The hotel is now a shell of its former self. With the gentrification of New York City, and the ousting of the benevolent Bard family who nurtured and protected the many artists who lived here over the years, the hotel is in rapid decline. Ed Hamilton, the author of "The Legends of the Chelsea Hotel" told me in a recent interview that many of the residents have been evicted, the artwork that graced the lobby and halls has been removed to places unknown, and many of the rooms in the hotel have been gutted. History is second to the bottom line.
Recently I had the pleasure to interview Sherill Tippins, author of the book: "Inside the Dream Palace..." The book is a comprehensive history of the hotel and a record of its influence with the arts in New York City and far beyond. The days of rooming houses and affordable housing in our major cities is a distant dream in our collective past. The artists who came to the Chelsea and the vicinity and other gone-to-seed backwaters in many other cities, often revitalized the areas and then ironically they were forced to move on. The Chelsea may well become another boutique hotel surrounded by trendy Thai restaurants, and the prerequisite Starbucks--but I think its legacy will live on because of all the creative tendrils it spread across New York, the country and the world.
Doug Holder: Sherill--you wrote a previous history about the communal Brooklyn home that poets and authors like W.H. Auden, Richard Wright, Carson McCullers and others shared. What is it about this shared space among creative people that attracts you?

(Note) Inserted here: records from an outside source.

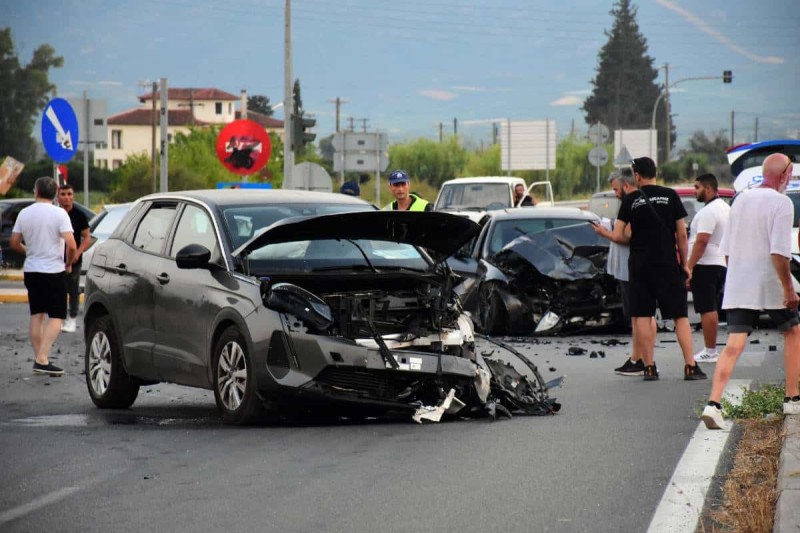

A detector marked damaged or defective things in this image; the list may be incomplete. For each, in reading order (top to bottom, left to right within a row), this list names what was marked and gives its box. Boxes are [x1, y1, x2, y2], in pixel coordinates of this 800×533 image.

black sedan with crushed front [79, 190, 556, 424]
damaged gray suv [81, 189, 556, 426]
black sedan with crushed front [450, 207, 624, 334]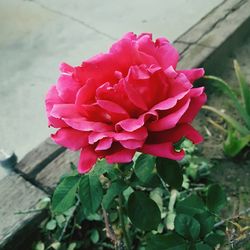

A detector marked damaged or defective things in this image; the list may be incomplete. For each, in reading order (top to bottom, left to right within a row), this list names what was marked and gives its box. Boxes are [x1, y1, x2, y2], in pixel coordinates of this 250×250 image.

crack in concrete [28, 0, 116, 40]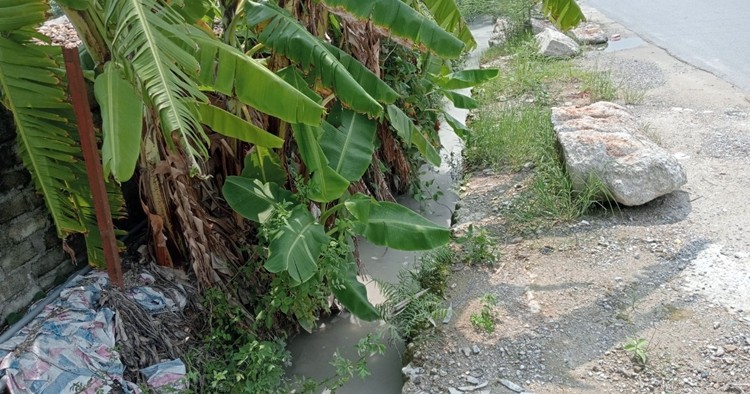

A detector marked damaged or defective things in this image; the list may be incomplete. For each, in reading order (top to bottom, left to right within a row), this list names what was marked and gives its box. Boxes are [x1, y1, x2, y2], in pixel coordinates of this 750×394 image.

rusty metal post [62, 47, 124, 290]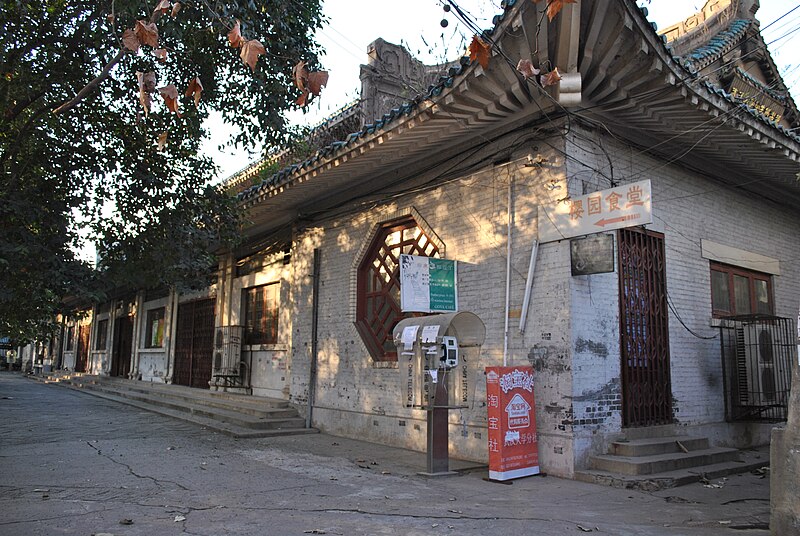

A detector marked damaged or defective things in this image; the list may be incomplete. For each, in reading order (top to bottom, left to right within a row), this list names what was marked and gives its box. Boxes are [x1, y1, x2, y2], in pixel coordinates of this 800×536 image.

cracked pavement [1, 372, 776, 536]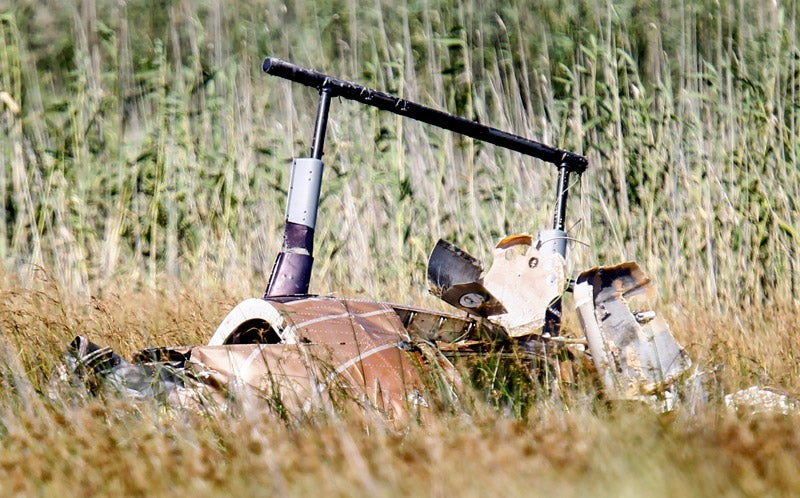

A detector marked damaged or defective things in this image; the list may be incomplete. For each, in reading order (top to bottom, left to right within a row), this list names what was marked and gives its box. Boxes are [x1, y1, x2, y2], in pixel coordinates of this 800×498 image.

Sherill Tippins: I’m interested in looking at artists and their work in the context of their environment – the relationships, working conditions, and activities that affect their work in all kinds of ways. I find it so helpful in terms of understanding, say, Carson McCullers’ The Member of the Wedding, to know that as she began working on the book she was eating breakfast each morning with W. H. Auden, who informed her that she needed to work on developing her intellectual side (as opposed to her intuition), and whose love, Chester Kallman, had as a child actually experienced the central event that McCullers’ protagonist, Frankie, undergoes. Likewise, I gained a new outlook on Arthur Miller’s play After the Fall, knowing that he wrote it while irritated by what he considered the irresponsible moral relativity of his pop-artist neighbors at the Chelsea Hotel.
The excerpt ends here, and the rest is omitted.